### DESCRIPTION OF THE TASK
Return all of the records exactly.

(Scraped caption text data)
▬▬▬▬▬▬▬▬▬▬

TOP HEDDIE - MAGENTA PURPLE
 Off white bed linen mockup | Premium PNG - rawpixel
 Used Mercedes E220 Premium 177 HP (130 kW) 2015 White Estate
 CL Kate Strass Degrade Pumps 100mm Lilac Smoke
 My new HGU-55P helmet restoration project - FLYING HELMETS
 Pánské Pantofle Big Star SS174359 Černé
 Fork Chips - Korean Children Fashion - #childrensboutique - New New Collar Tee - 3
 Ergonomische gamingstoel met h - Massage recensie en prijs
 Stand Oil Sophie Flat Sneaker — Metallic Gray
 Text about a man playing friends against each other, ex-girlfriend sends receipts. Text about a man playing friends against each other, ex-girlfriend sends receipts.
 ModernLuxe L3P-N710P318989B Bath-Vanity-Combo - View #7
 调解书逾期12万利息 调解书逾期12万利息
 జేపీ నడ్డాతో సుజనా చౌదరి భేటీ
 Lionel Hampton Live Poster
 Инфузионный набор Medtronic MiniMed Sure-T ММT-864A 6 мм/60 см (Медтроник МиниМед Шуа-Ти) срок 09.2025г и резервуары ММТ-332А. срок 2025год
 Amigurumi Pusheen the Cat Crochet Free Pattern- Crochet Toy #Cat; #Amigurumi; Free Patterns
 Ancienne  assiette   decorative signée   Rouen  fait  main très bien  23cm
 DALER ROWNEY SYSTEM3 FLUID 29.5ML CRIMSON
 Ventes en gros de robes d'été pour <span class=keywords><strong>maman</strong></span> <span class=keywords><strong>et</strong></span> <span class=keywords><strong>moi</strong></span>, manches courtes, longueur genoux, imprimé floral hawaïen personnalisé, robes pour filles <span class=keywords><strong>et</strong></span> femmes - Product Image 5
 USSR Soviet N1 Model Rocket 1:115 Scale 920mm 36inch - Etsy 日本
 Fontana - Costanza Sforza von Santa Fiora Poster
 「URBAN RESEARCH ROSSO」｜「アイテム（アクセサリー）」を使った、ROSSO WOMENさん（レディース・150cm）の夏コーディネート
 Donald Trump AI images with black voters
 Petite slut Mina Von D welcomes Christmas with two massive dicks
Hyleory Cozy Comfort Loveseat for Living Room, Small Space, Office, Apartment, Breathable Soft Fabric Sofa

▬▬▬▬▬▬▬▬▬▬

### TASK OUTPUT
TOP HEDDIE - MAGENTA PURPLE
 Off white bed linen mockup | Premium PNG - rawpixel
 Used Mercedes E220 Premium 177 HP (130 kW) 2015 White Estate
 CL Kate Strass Degrade Pumps 100mm Lilac Smoke
 My new HGU-55P helmet restoration project - FLYING HELMETS
 Pánské Pantofle Big Star SS174359 Černé
 Fork Chips - Korean Children Fashion - #childrensboutique - New New Collar Tee - 3
 Ergonomische gamingstoel met h - Massage recensie en prijs
 Stand Oil Sophie Flat Sneaker — Metallic Gray
 Text about a man playing friends against each other, ex-girlfriend sends receipts. Text about a man playing friends against each other, ex-girlfriend sends receipts.
 ModernLuxe L3P-N710P318989B Bath-Vanity-Combo - View #7
 调解书逾期12万利息 调解书逾期12万利息
 జేపీ నడ్డాతో సుజనా చౌదరి భేటీ
 Lionel Hampton Live Poster
 Инфузионный набор Medtronic MiniMed Sure-T ММT-864A 6 мм/60 см (Медтроник МиниМед Шуа-Ти) срок 09.2025г и резервуары ММТ-332А. срок 2025год
 Amigurumi Pusheen the Cat Crochet Free Pattern- Crochet Toy #Cat; #Amigurumi; Free Patterns
 Ancienne  assiette   decorative signée   Rouen  fait  main très bien  23cm
 DALER ROWNEY SYSTEM3 FLUID 29.5ML CRIMSON
 Ventes en gros de robes d'été pour <span class=keywords><strong>maman</strong></span> <span class=keywords><strong>et</strong></span> <span class=keywords><strong>moi</strong></span>, manches courtes, longueur genoux, imprimé floral hawaïen personnalisé, robes pour filles <span class=keywords><strong>et</strong></span> femmes - Product Image 5
 USSR Soviet N1 Model Rocket 1:115 Scale 920mm 36inch - Etsy 日本
 Fontana - Costanza Sforza von Santa Fiora Poster
 「URBAN RESEARCH ROSSO」｜「アイテム（アクセサリー）」を使った、ROSSO WOMENさん（レディース・150cm）の夏コーディネート
 Donald Trump AI images with black voters
 Petite slut Mina Von D welcomes Christmas with two massive dicks
Hyleory Cozy Comfort Loveseat for Living Room, Small Space, Office, Apartment, Breathable Soft Fabric Sofa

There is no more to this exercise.